Post Traumatic Stress

Sep 1, 2021

It started with phone calls.

At first I would answer thinking it was my mom or a friend calling. My X raged on the other end of the line seething with sarcasm, hatred, and threats. I’d hop in my car with my baby, and drive to the police department. At the station, with my daughter on my lap, I’d hand write out the incident.

Next it was the frequent calls from lawyers. Restraining orders. Court dates. There was always something needing to be done and it was always urgent. And then there was the endless bad news involving costs, and judges, and decisions.

The PTS started with these phone calls.

The phone would ring, ring, ring, and I’d freeze. My heart would blast out a beat so fast it hurt. And I’d hold my chest while holding my breath. Then there was an inner debate. What if it was important? What if it was him? I imagined more bad news or my X screaming about all the ways he was going to hurt me. Sometimes I was wrong. Sometimes I was right. It was a 50/50 chance.

Even when the storm of my relationship with my X had passed, the ring of the phone made me panic and instantly feel sick with nerves. It had become my conditioned Pavlovian Response.

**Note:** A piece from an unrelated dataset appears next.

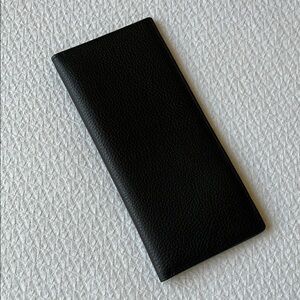 Cuyana Pebbled Leather Classic Passport Case EUC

In an interview with Gloria Steinem she talked about how statistically speaking, the most dangerous place for a woman is not in the streets, but in her own home. She mentioned how Judith Herman compared the trauma experienced by veterans in war to the veterans of domestic violence, and discovered that the veterans of domestic violence suffered far more. This was because with domestic violence, it’s with someone you’re dependent on, supposed to love and be vulnerable with, which is very different from being an adult in a uniform with an enemy.

I slowly healed my conditioned fear over the years. I changed my ringtone to something soft and peaceful. Each time it rang I took a few deep breaths and told myself I was safe. Eventually, the fear dissipated and disappeared.